◆ PROVIDED INFORMATION:
---*---

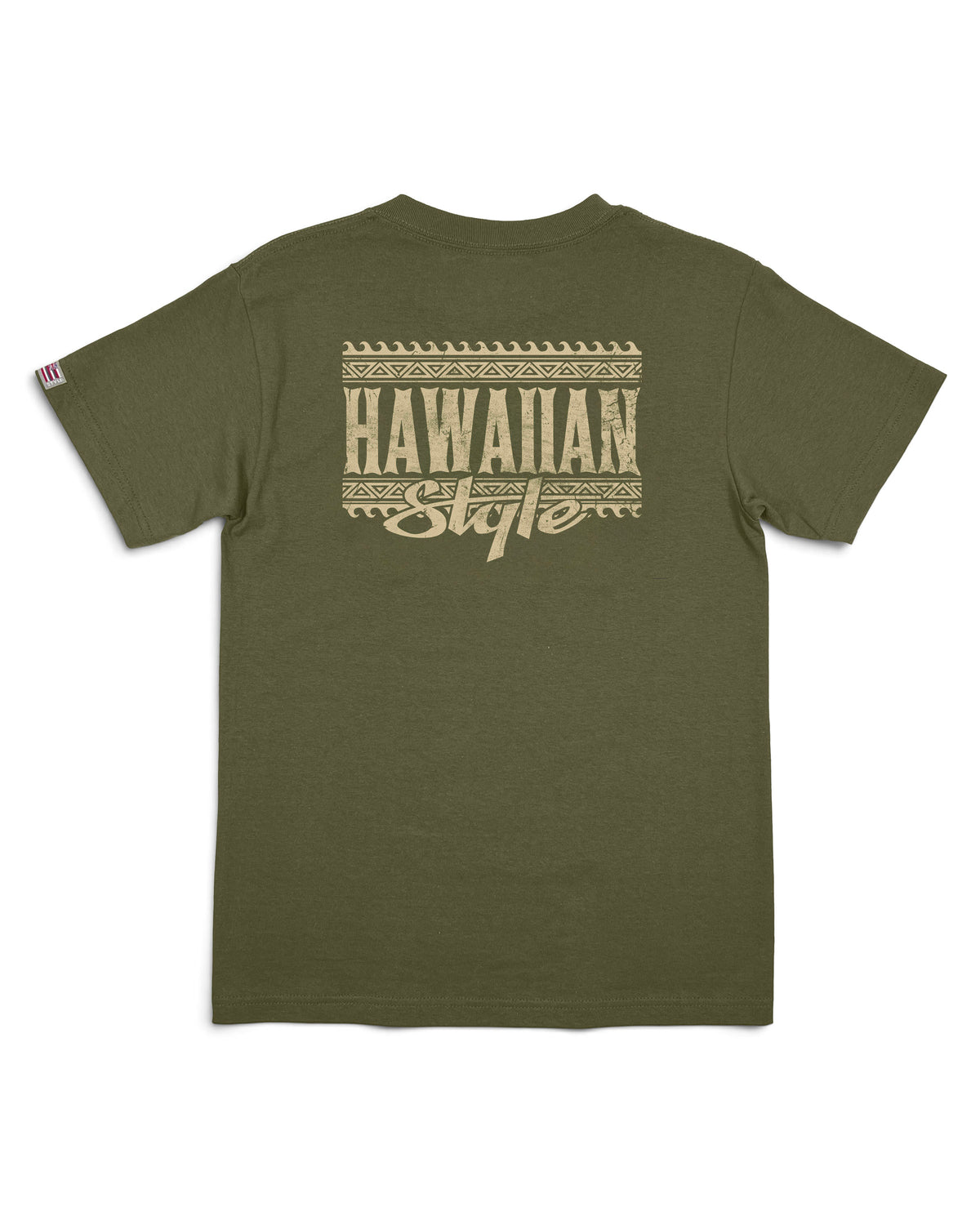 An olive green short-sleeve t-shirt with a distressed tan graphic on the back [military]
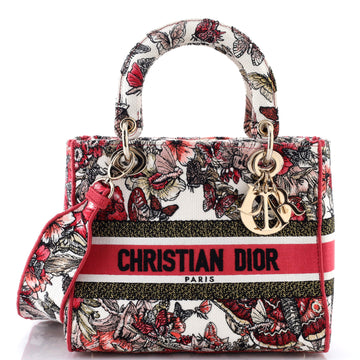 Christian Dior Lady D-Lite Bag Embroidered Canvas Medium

---*---

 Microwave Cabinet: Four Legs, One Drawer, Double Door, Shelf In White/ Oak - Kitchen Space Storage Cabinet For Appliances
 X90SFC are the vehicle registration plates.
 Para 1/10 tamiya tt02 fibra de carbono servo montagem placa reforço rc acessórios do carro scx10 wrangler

---*---

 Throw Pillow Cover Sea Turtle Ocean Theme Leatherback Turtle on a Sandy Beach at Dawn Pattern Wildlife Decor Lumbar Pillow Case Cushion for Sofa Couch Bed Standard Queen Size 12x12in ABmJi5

---*---

◆ EXERCISE INSTRUCTIONS: Looking at the data above, return every line from the one with "Microwave Cabinet: Four" down to the one with "Para 1/10 tamiya", exactly and inclusively.

◆ RESULT OF THE EXERCISE:
 Microwave Cabinet: Four Legs, One Drawer, Double Door, Shelf In White/ Oak - Kitchen Space Storage Cabinet For Appliances
 X90SFC are the vehicle registration plates.
 Para 1/10 tamiya tt02 fibra de carbono servo montagem placa reforço rc acessórios do carro scx10 wrangler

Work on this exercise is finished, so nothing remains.